You are viewing a plain text version of this content. The canonical link for it is here.

Posted to user@cassandra.apache.org by Roman Tkachenko <ro...@mailgunhq.com> on 2015/09/10 07:05:40 UTC

High CPU usage on some of nodes

Hey guys,

We've been having issues in the past couple of days with CPU usage / load
average suddenly skyrocketing on some nodes of the cluster, affecting
performance significantly so majority of requests start timing out. It can
go on for several hours, with CPU spiking through the roof then coming back
down to norm and so on.

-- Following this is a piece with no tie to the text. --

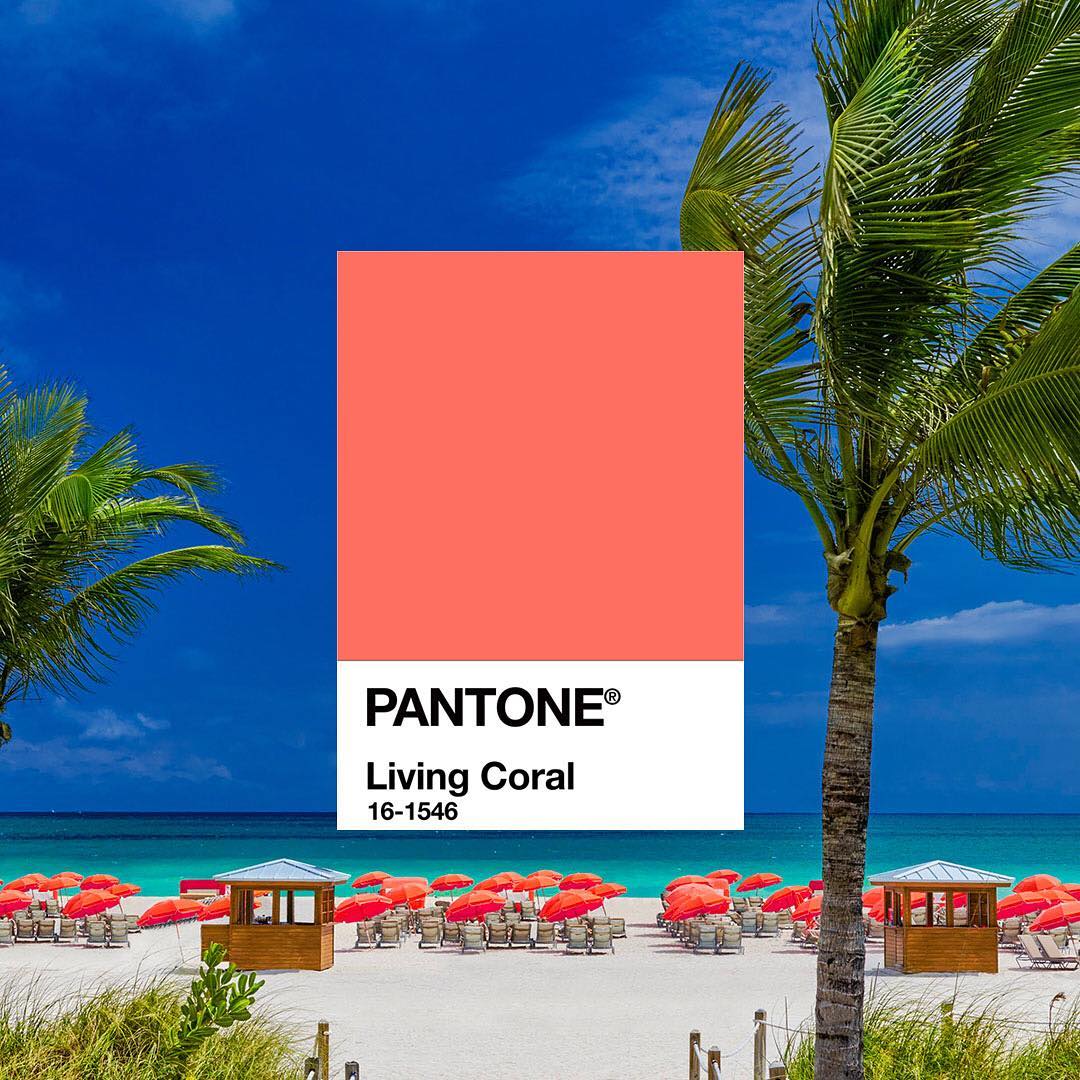 5-ways-to-incorporate-pantones-2019-colour-of-the-year-living-coral-into-your-looks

Weirdly, it affects only a subset of nodes and it's
always the same ones. The boxes Cassandra is running on are pretty beefy,
24 cores, and these CPU spikes go up to >1000%.

What is the best way to debug such kind of issues and find out what
Cassandra is doing during spikes like this? Doesn't seem to be compaction
related as sometimes during these spikes "nodetool compactionstats" says no
compactions are running.

Thanks!

Re: High CPU usage on some of nodes

Posted by Graham Sanderson <gr...@vast.com>.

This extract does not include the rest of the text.